Corporations, for the most part, aren't going to reinvent themselves by improving on the core competencies they've been honing for years. Instead, if they're going to change, they're going to do so from the outside in, allowing ideas from the edge of the company to penetrate to the core. Social media will be a part of that transformation.
If all this sounds too abstract, consider Xerox's Palo Alto Research Center in the 1970s. Because it was on the company's fringe, PARC had the freedom to be radical, and it came up with a lot of radical ideas, many of which have become organic to the way we all work, such as graphical user interfaces, Ethernet, WYSIWYG, SmallTalk, and laser printing.
The challenge at PARC was that the company's core could be resistant to ideas from the edge, so some of those beautiful concepts went nowhere at Xerox.

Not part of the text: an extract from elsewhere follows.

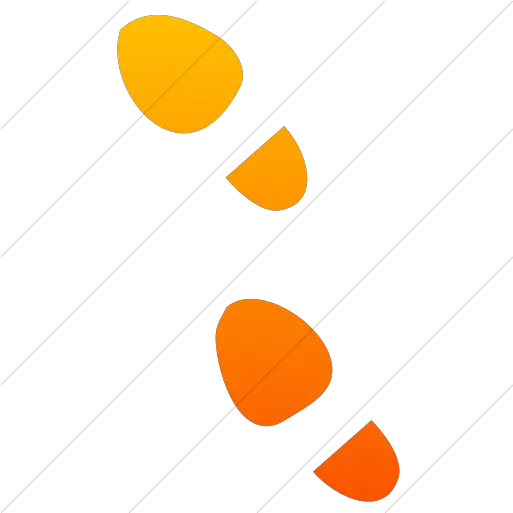 Simple Orange Gradient Classica Foot Dot Png Next Steps Icon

But the business environment has changed in fundamental ways since then, and ideas from the edge have a much better chance of surviving. For one thing, we've got the cloud. Cloud computing means that small, idea-driven operations don't have to invest in building their own computing infrastructures. For a pretty reasonable cost, they can tap into processing speeds and storage capabilities that would have been unimaginable a few decades ago. They can use these resources to efficiently build prototypes, and when they've got something that works, they can also use the cloud to reach out to the marketplace. So they can do a lot on their own — they're nowhere near as dependent on the core as edge operations used to be.
As a result, some corporations are seeing a lot of exciting things happening on the edge. For example, Amazon Web Services offers cloud-based application services; P&G's Connect + Develop programs for encouraging external innovation partnerships are becoming a vital part of the company's growth strategy; and Microsoft's Xbox has become a platform for delivering a range of entertainment products. Fringe operations are attracting a lot of attention — and people — from the core. That's a trend that will only strengthen as companies realize the value of edge businesses.
Where does social media come in? Edge operations can use social-media platforms such as Facebook and Twitter to engage the people at the core as well as to connect to other edge operations within the corporation — and even to edge companies at other companies. I believe that social media will help create an ecosystem of edge organizations and their parent companies. To get a sense of what this might look like, think of IBM's Jams platform for collaborative innovation.
This evolution in the way companies innovate reflects a shift in nothing less than the purpose of the firm. The classical view is that the firm exists to minimize transaction costs. But John Hagel and I suspect that the firm has a new purpose — namely, to promote the development of talents and capabilities and thereby attract and retain the best in the ongoing wars for talent, and at the same time create an entrepreneurial culture that nurtures employees' questing and connecting dispositions.
That's what Google and Facebook seem to be doing. People are attracted to them because of their learning environments and because employees have the freedom to think radical thoughts. Companies like that are much more radical in their approach to innovation than academia, which is limited by the requirements of the granting agencies. I only wish other companies were as willing as Google and Facebook to move out of their comfort zones when it comes to innovation and marketing.
It's no coincidence, by the way, that some of the most innovative companies are those that are tied into social media. Social media itself is a threat to the corporate comfort zone. How many executives have you heard say that even though their companies are on Facebook and Twitter, they don't use social media themselves? The transparency and unpredictability of social media can be deeply unsettling to people who have grown up in the comfort of corporate environments.
But the more executives experiment with social media, the more they'll see how it can play a crucial part in forming the infrastructure of the new ecology of edges that will ultimately transform corporations for the future.